*Task inputs*:
========

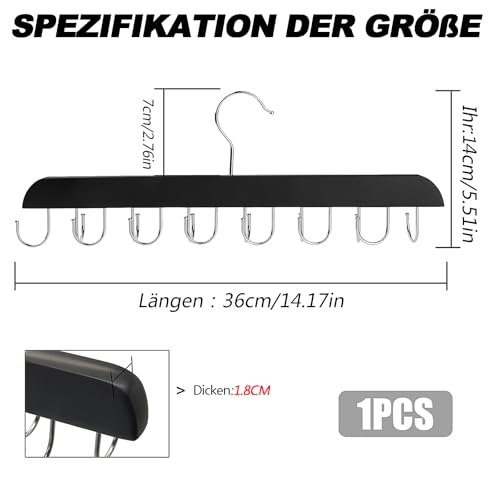 Gürtelhalter Kleiderschrank,1 Packung Gürtel Aufbewahrung 360°Drehbar Holz Krawattenhalter Gürtelbügel mit 14 Haken Kleiderbügel Haken für Schals,Krawatten,Gürtel,Schrank-Organizer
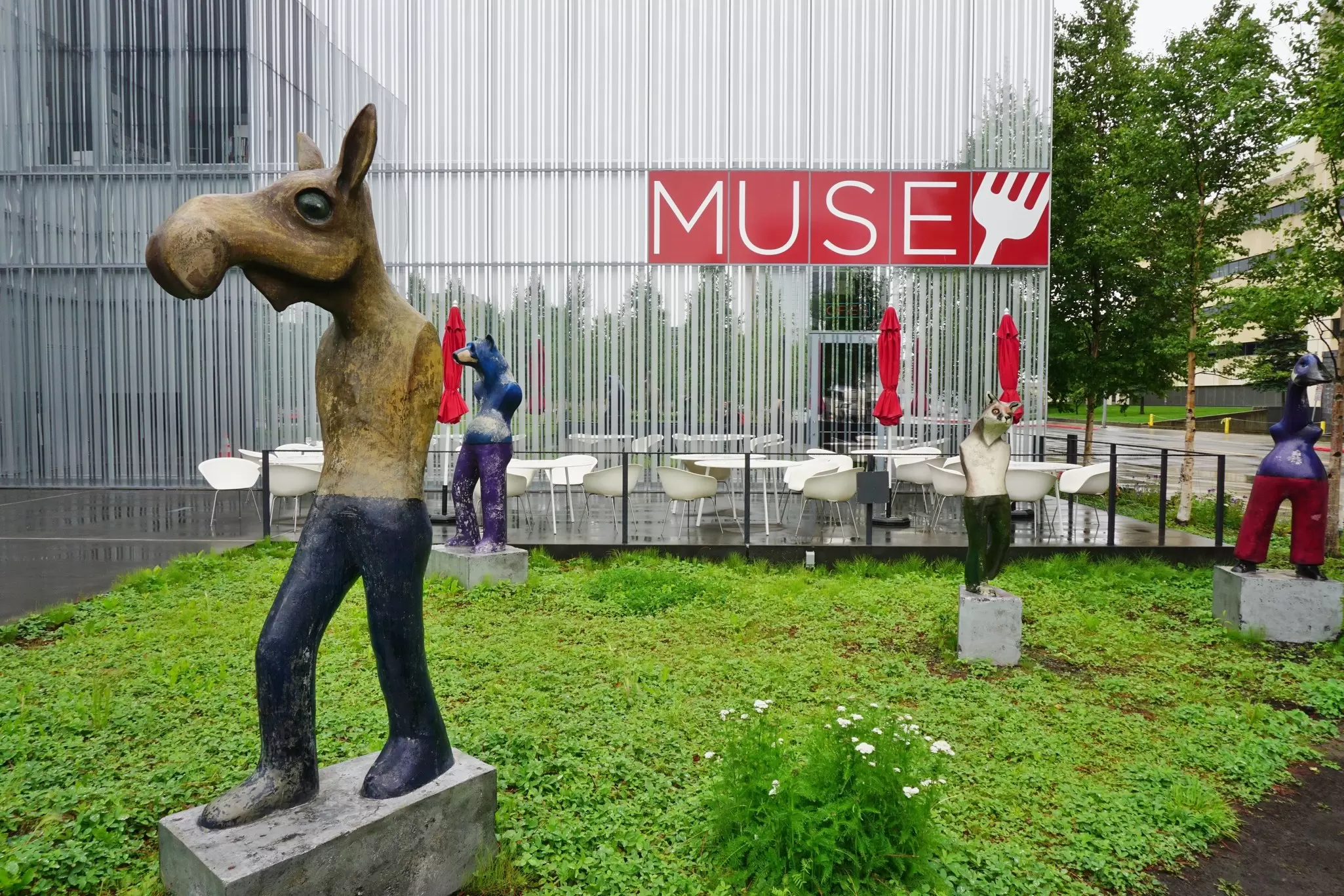 Sculptures outside the Anchorage Museum in Anchorage, Alaska. 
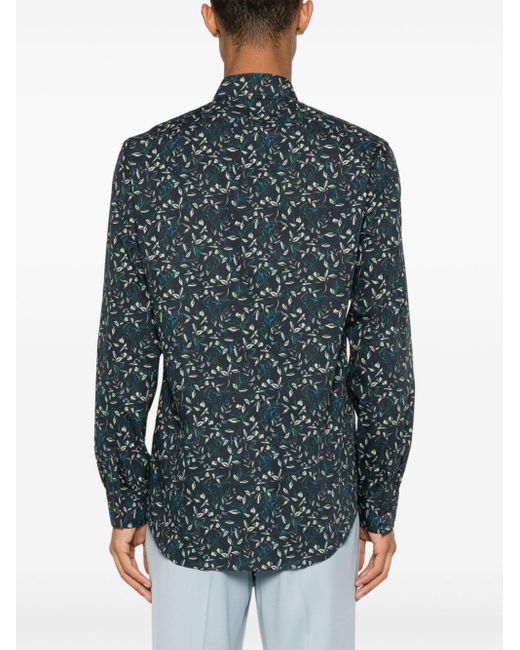 Paul Smith Green Floral-print Cotton Shirt for men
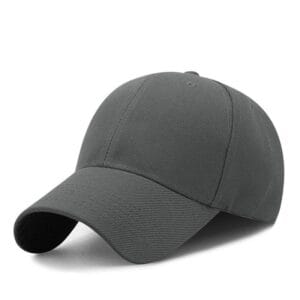 ZY1001 6 panel baseball cap velcro strap dark grey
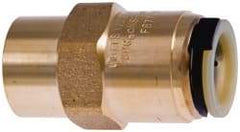 Watts - 1/2" Outside Diam, Lead Free Brass Push-to-Connect Tube Female Connector - 250 Max psi, Push-Fit Connection, EPDM O-Ring, Lead-Free - Americas Industrial Supply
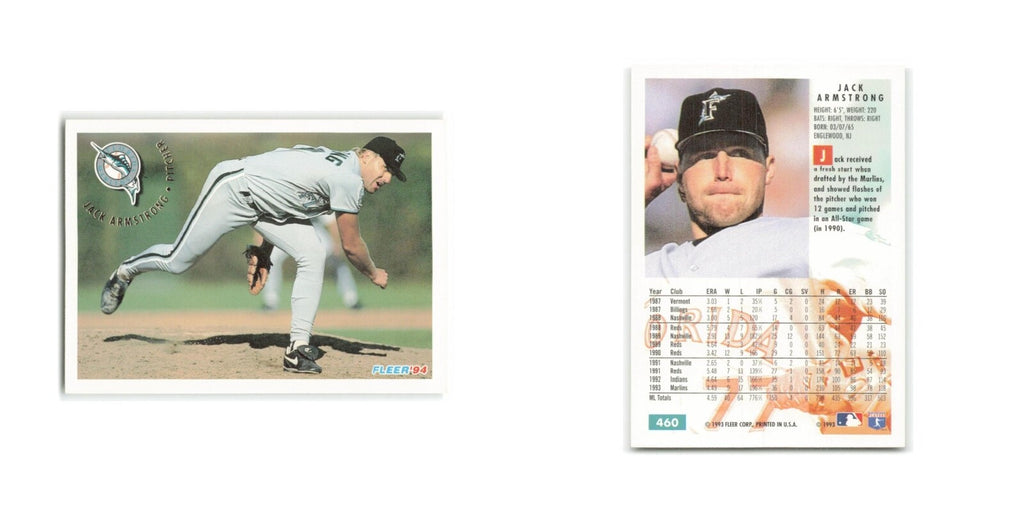 Jack Armstrong 1994 Fleer #460 Florida Marlins Baseball Card NM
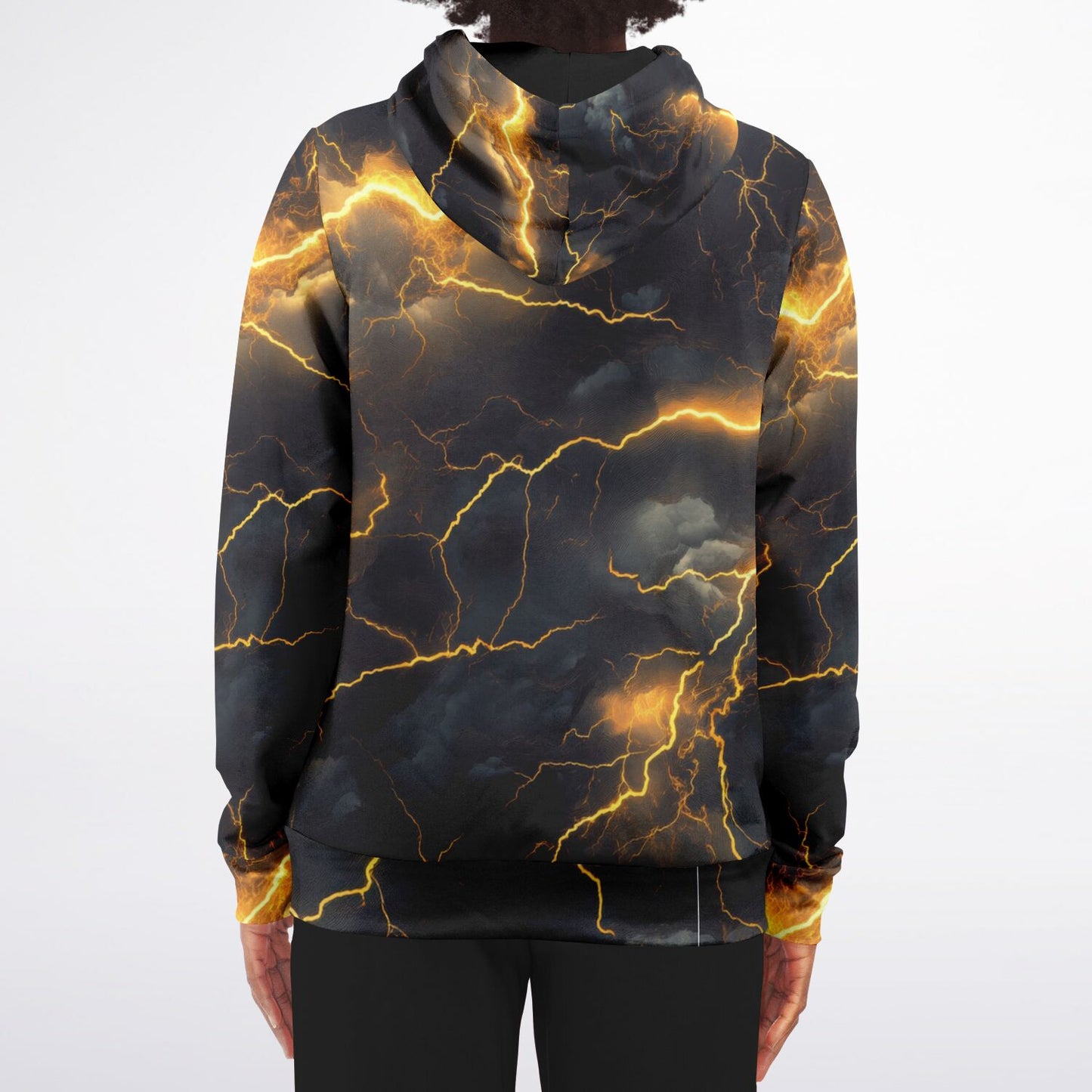 Gold Lightning Fashion Zip-Up Hoodie -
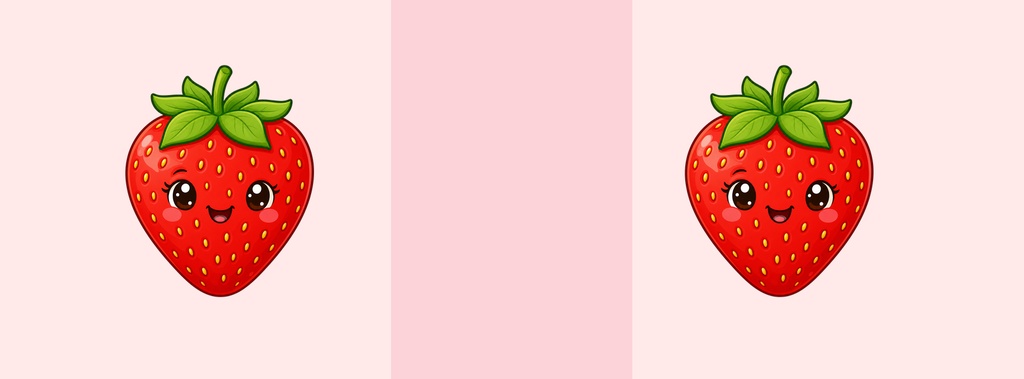 Cute strawberries on a pink landscape cover with a soft pastel background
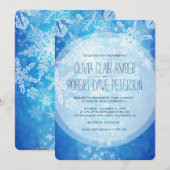 Crystal Icy Snowflakes auf Blue Winter Wedding Einladung (Vorne/Hinten)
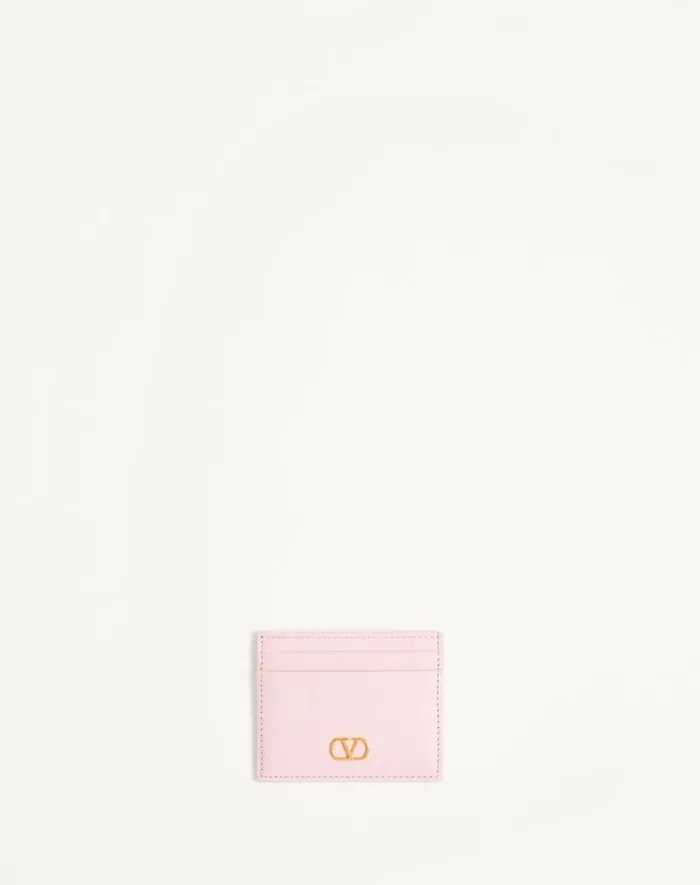 Valentino Wallets And Small Leather Goods Woman Vlogo Signature Grainy Calfskin Card Holder For Woman In Rose Quartz Rose Quartz Valentino Wallets And Small Leather Goods Woman Vlogo Signature Grainy Calfskin Card Holder For Woman In Rose Quartz Rose Quartz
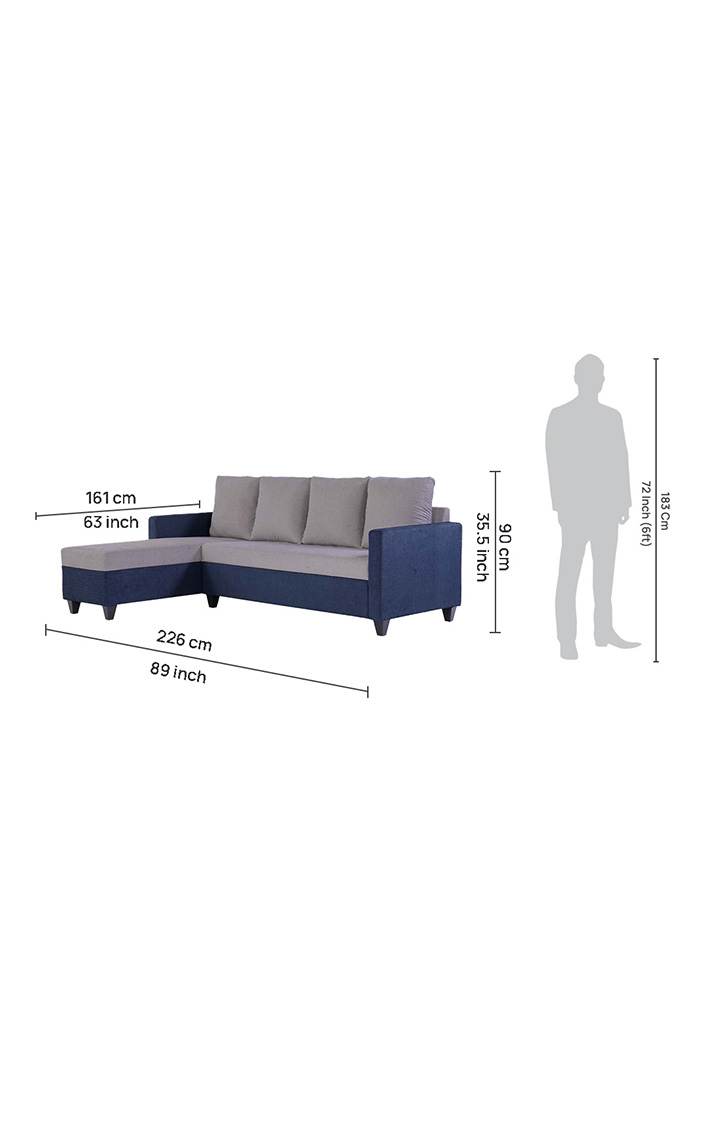 neudot Saya RHS Sectional Sofa for Living Room |6 Person Sofa| Premium Fabric with Cushioned Armrest | 12 Months Warranty| Solid Wood Frame| 6 Seater in Saya Duo Blue Color DIY(Do-It-Yourself)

========

*Work required*:
Retype the lines above exactly, no pictures.

*Task output*:
 Gürtelhalter Kleiderschrank,1 Packung Gürtel Aufbewahrung 360°Drehbar Holz Krawattenhalter Gürtelbügel mit 14 Haken Kleiderbügel Haken für Schals,Krawatten,Gürtel,Schrank-Organizer
 Sculptures outside the Anchorage Museum in Anchorage, Alaska. 
 Paul Smith Green Floral-print Cotton Shirt for men
 ZY1001 6 panel baseball cap velcro strap dark grey
 Watts - 1/2" Outside Diam, Lead Free Brass Push-to-Connect Tube Female Connector - 250 Max psi, Push-Fit Connection, EPDM O-Ring, Lead-Free - Americas Industrial Supply
 Jack Armstrong 1994 Fleer #460 Florida Marlins Baseball Card NM
 Gold Lightning Fashion Zip-Up Hoodie -
 Cute strawberries on a pink landscape cover with a soft pastel background
 Crystal Icy Snowflakes auf Blue Winter Wedding Einladung (Vorne/Hinten)
 Valentino Wallets And Small Leather Goods Woman Vlogo Signature Grainy Calfskin Card Holder For Woman In Rose Quartz Rose Quartz Valentino Wallets And Small Leather Goods Woman Vlogo Signature Grainy Calfskin Card Holder For Woman In Rose Quartz Rose Quartz
 neudot Saya RHS Sectional Sofa for Living Room |6 Person Sofa| Premium Fabric with Cushioned Armrest | 12 Months Warranty| Solid Wood Frame| 6 Seater in Saya Duo Blue Color DIY(Do-It-Yourself)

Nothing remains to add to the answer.